Whether you have your own cloud architect or not, Here 3 strategies to avoid downtime when migrating data to the cloud
- Offline copy migration
- Master/read replica switch migration
- Master/master migration
It doesn’t matter if you’re migrating an SQL database, or simply raw data. Each migration method requires a different effort, has different impact on your application’s availability and present different risks. Below strategies looks similar, but the differences are in the details.
Strategy 1: offline copy migration
An offline copy migration is the most straightforward method. Bring down your on-premise application, copy the data from your on-premise database to the new cloud database, then bring your application back online in the cloud.
An offline copy migration is simple, easy, and safe, but you’ll have to take your application offline to execute it. If your dataset is extremely large, your application may be offline for a significant period of time, which will undoubtedly impact your customers and business.

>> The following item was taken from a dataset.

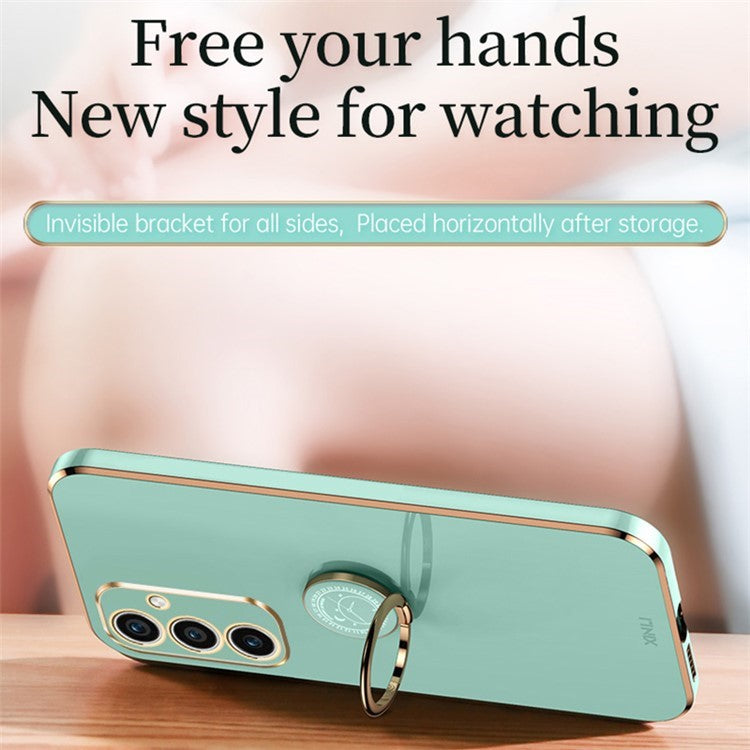 XINLI For Samsung Galaxy A36 5G Case Ring Kickstand Electroplating TPU Phone Cover - Blue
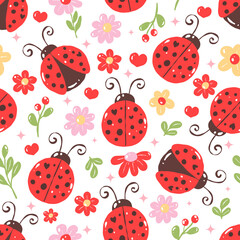 Ladybug Seamless Pattern with Colorful Flowers, Cute Red Insect Spring Background Design © ChonnieArtwork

For most applications, the amount of downtime required for an offline copy migration is generally unacceptable. But if your business can tolerate some downtime, and your dataset is small enough, you should consider this method. It’s the easiest, least expensive, and least risky method of migrating your data to the cloud.
Strategy 2: master/read replica switch migration
The goal of a master/read replica switch migration is to reduce application downtime without significantly complicating the data migration itself.
For this type of migration, you start with your master version of your database running in your on-premise data center. You then set up a read replica copy of your database in the cloud with one-way synchronization of data from your on-premise master to your read replica. At this point, you still make all data updates and changes to the on-premise master. And the master synchronizes those changes with the cloud-based read replica. The master-replica model is common in most database systems.
You’ll continue to perform data writes to the on-premise master, even after you’ve gotten your application migrated and operational in the cloud. At some predetermined point in time, you’ll “switchover” and swap the master/read replica roles. The cloud database becomes the master and the on-premise database becomes the read replica. You simultaneously move all write access from your on-premise database to your cloud database.
You’ll need a short period of downtime during the switchover, but the downtime is significantly less than what’s required using the offline copy method.
However, downtime is downtime, so you need to assess exactly what your business can handle.
Strategy 3: master/master migration
This is the most complicated of the three data migration strategies and has the greatest potential for risk. However, if you implement it correctly, you can accomplish a data migration without any application downtime whatsoever.
In this method, you create a duplicate of your on-premise database master in the cloud and set up bi-directional synchronization between the two masters. Synchronizing all data from on-premise to the cloud, and from the cloud to on-prem. Basically, you’re left with a typical multi-master database configuration.
After you set up both databases, you can read and write data from either the on-premise database or the cloud database, and both will remain in sync. This will allow you to move your applications and services independently, on your own schedule, without needing to worry about your data.
To better control your migration, you can run instances of your application both on-premise and in the cloud, and move your application’s traffic to the cloud without any downtime. If a problem arises, you can roll back your migration and redirect traffic to the on-premise version of your database while you troubleshoot the issue.
At the completion of your migration, simply turn off your on-premise master and use your cloud master as your database.
It’s important to note, however, that this method is not without complexity. If your application, data, and business can handle this migration method, use it. It’s the cleanest and easiest of the three strategies.
Limit migration risks
Any data migration comes with some risk, especially the risk of data corruption. Your data is most at risk while the migration is in progress. Don’t stop a migration until you have completed the process or you have rolled it back completely. And never stop a migration halfway through—half-migrated data isn’t useful to anyone.
The risk of data corruption is especially high when migrating extremely large datasets.
As is true with all migration including those 3 strategies to avoid downtime when migrating data to the cloud. You won’t know if you encounter a problem if you can’t see how your application is performing during migration. Maintaining application availability, and keeping your data secure, can only happen if you understand how your application is responding to the steps in the migration process.